- Task brief -
Transcribe only the stretch of lines that opens with the line containing "Headache icon flat" and closes with the last line of the listing, skipping pictures.

═══

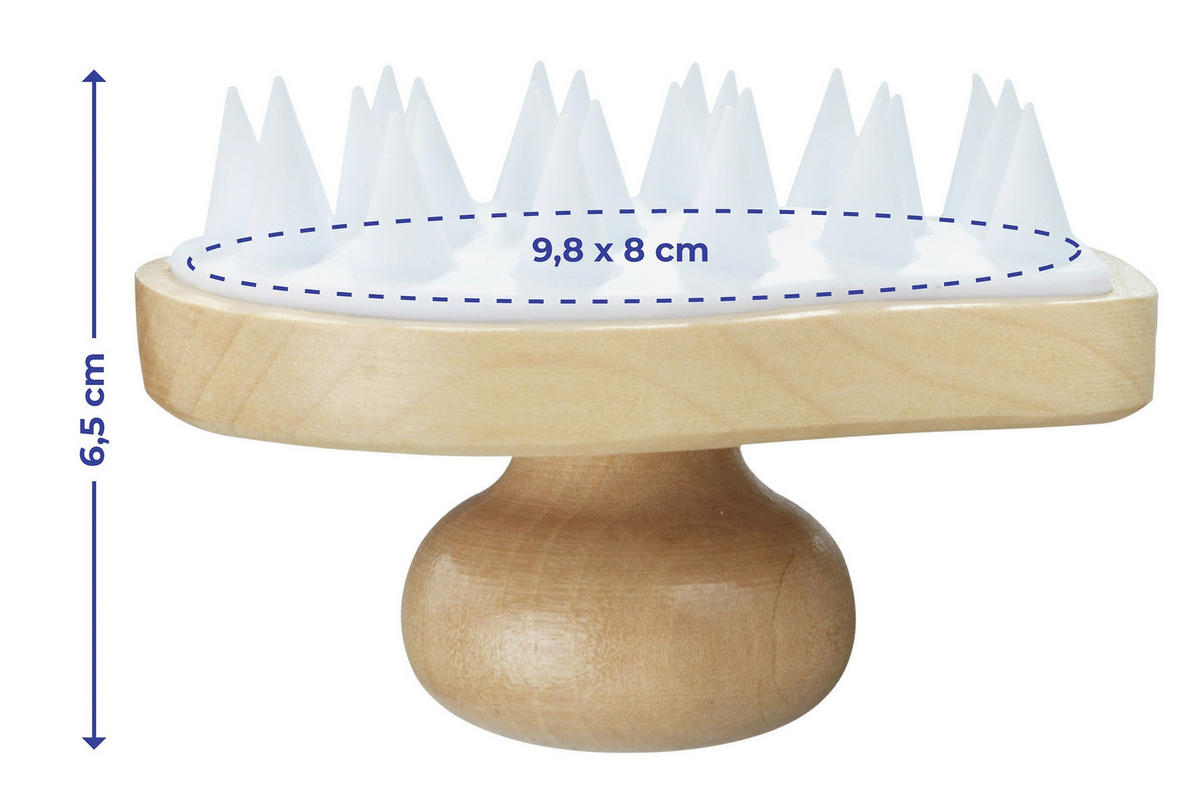 MASSAGE-BÜRSTE Wellness 2in1 - Braun, Kunststoff (9.8/6.5/8cm) - Maximex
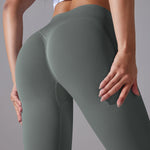 Crossover Waist Women Yoga Leggings Hips Lifting Gym Leggings Seamless Sport Pants High Waist Fitness Leggings Workout Running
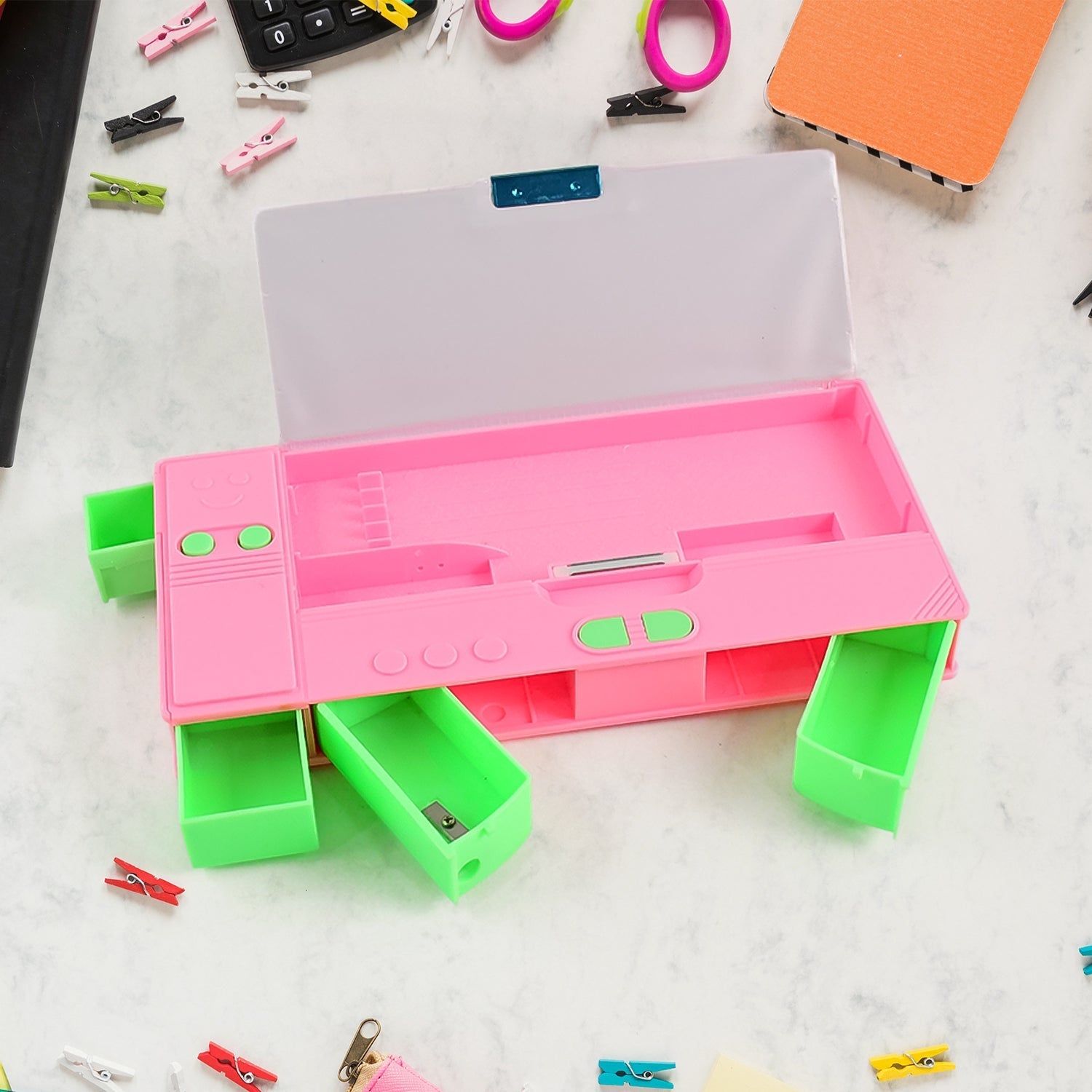 Multi Purpose Gadget Jumbo Pencil Box Compass With Calculator Jumbo 2 Side Slot Geometry Box Compass Use School , Traveling & Studio Variety Bazaar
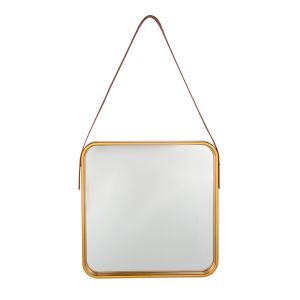 Espelho 40cm Com Alça Gold Quadrado Diagonal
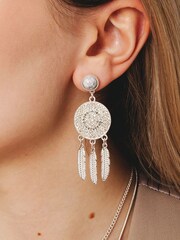 Bibi Bijoux Silver Tone Dreamcatcher Statement Drop Earrings - Image 1 of 3
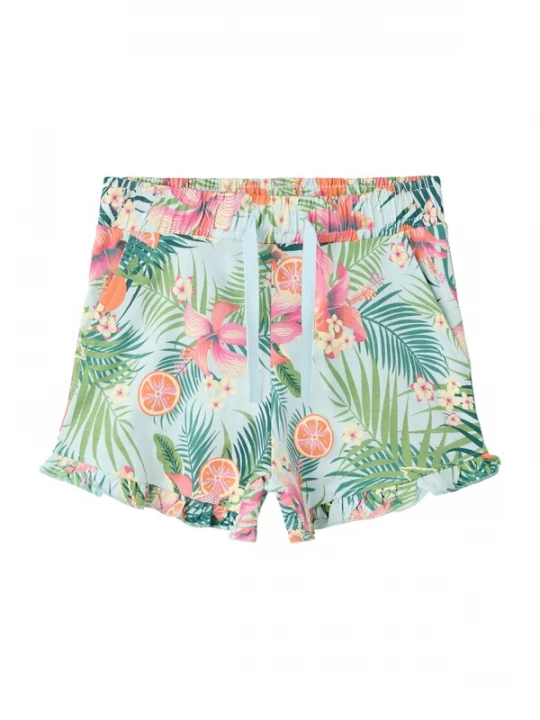 Foto van product NAME IT Broek 'NMFJUNNI' lichtblauw / grasgroen / oranje / fuchsia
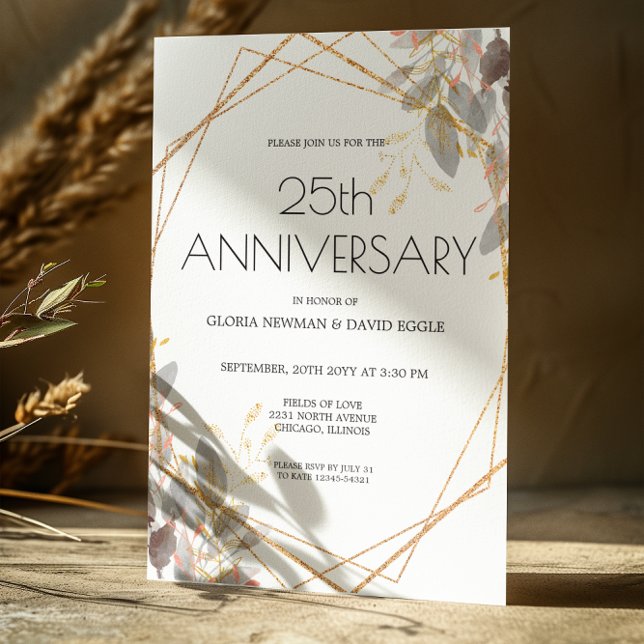 Leafy Gold Geometric 25th Wedding Anniversary  Invitation (Creator Uploaded)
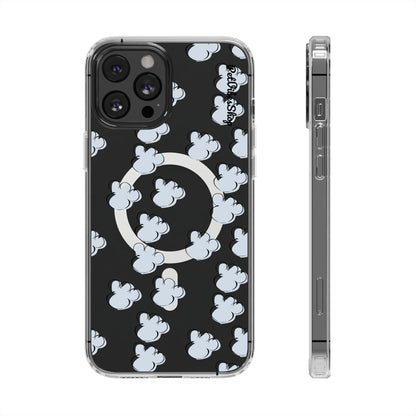 Magnetic Clear Phone Case With Paw Prints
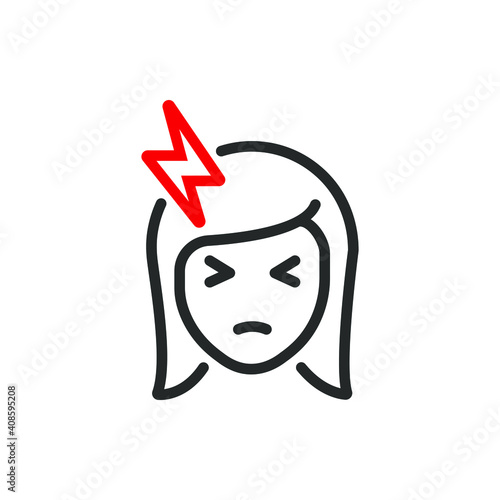 Headache icon flat style. Migraine symbol concept isolated on white background. Vector illustration
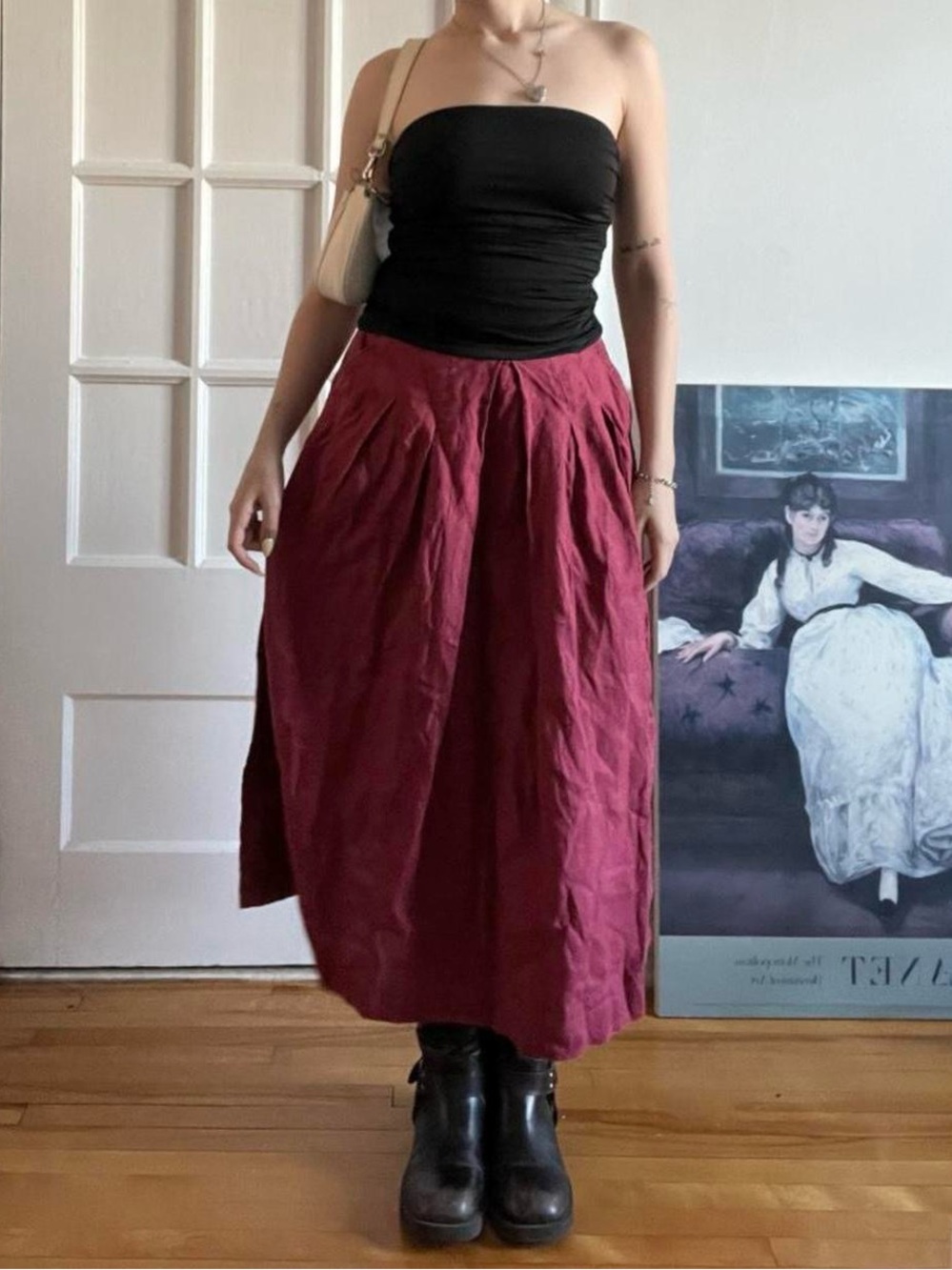 Size 4 Dark Pink Linen Maxi Skirt
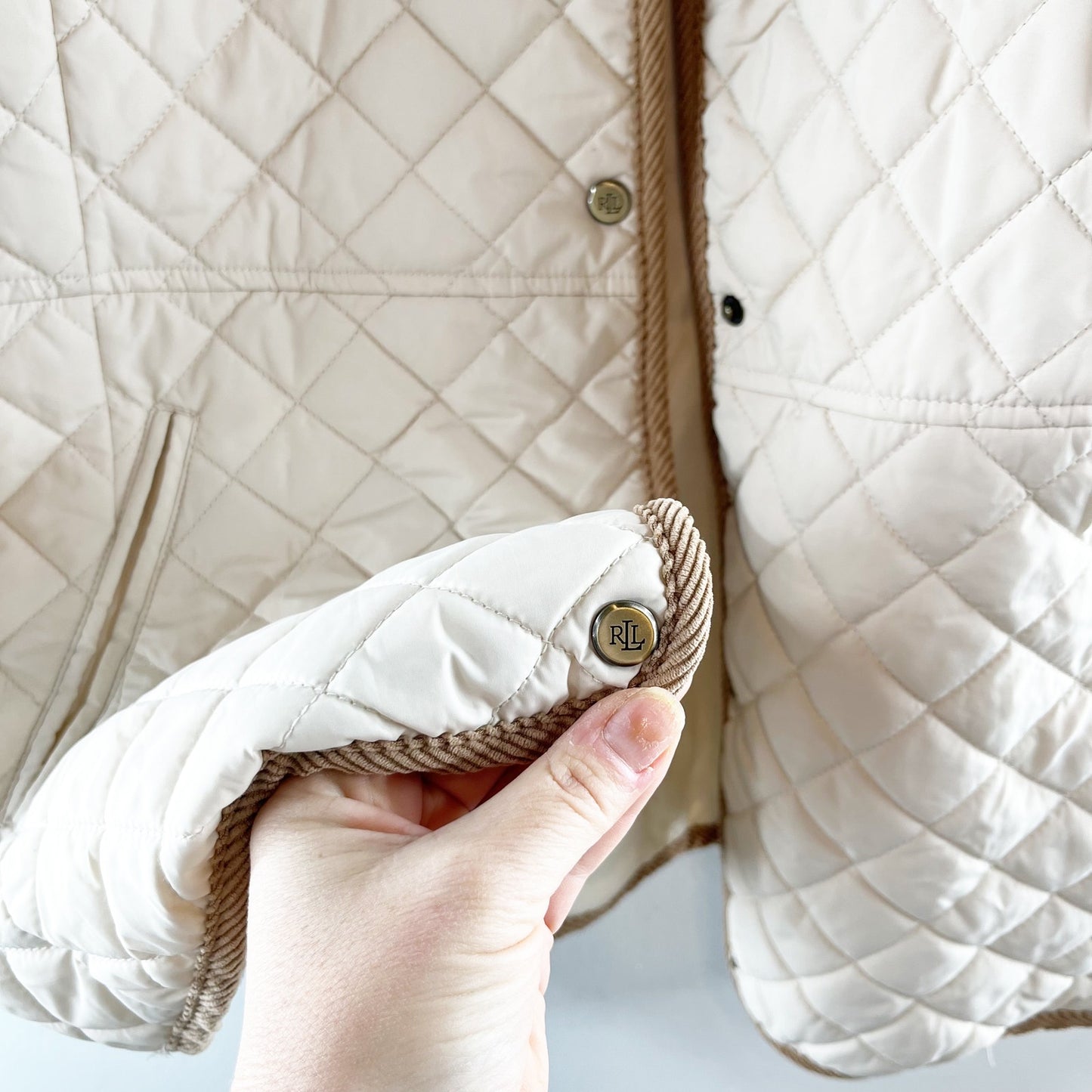 Ralph Lauren Quilted Snap Button Up Sherpa Collar Jacket Cream Large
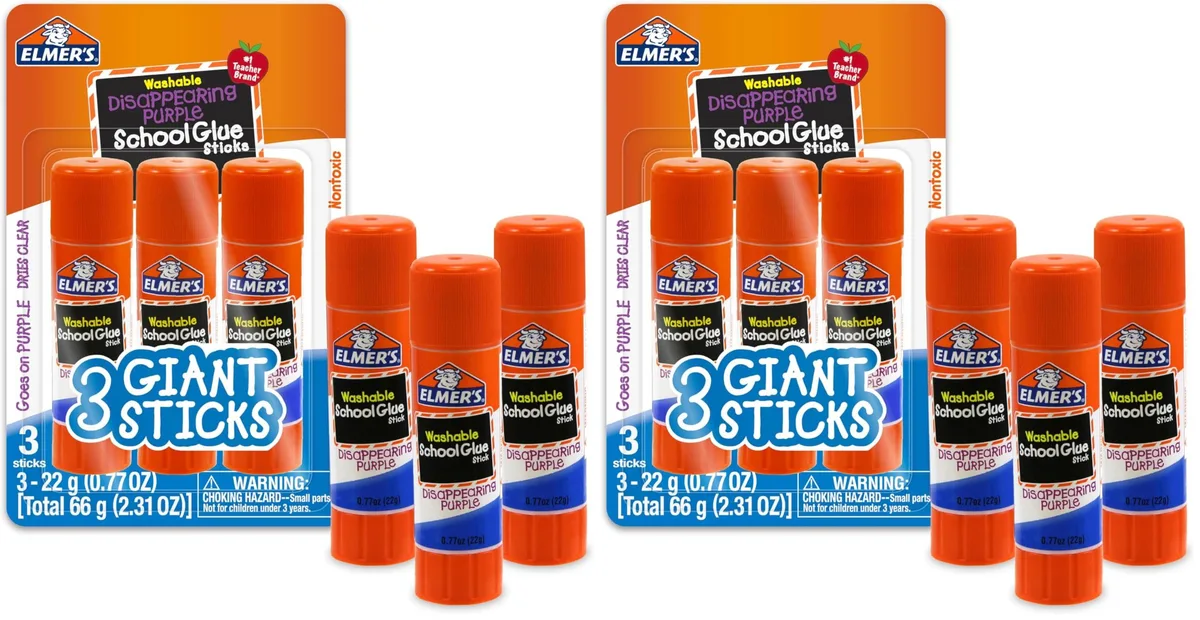Six purple glue sticks in a rectangular pack, each stick showing its twist-up applicator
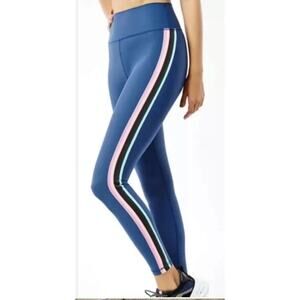 Spiritual Gangster High Waist Leggings Size Small Rainbow Side Stripe Blue Yoga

═══

- Your response -
 Headache icon flat style. Migraine symbol concept isolated on white background. Vector illustration
 Size 4 Dark Pink Linen Maxi Skirt
 Ralph Lauren Quilted Snap Button Up Sherpa Collar Jacket Cream Large
Six purple glue sticks in a rectangular pack, each stick showing its twist-up applicator
 Spiritual Gangster High Waist Leggings Size Small Rainbow Side Stripe Blue Yoga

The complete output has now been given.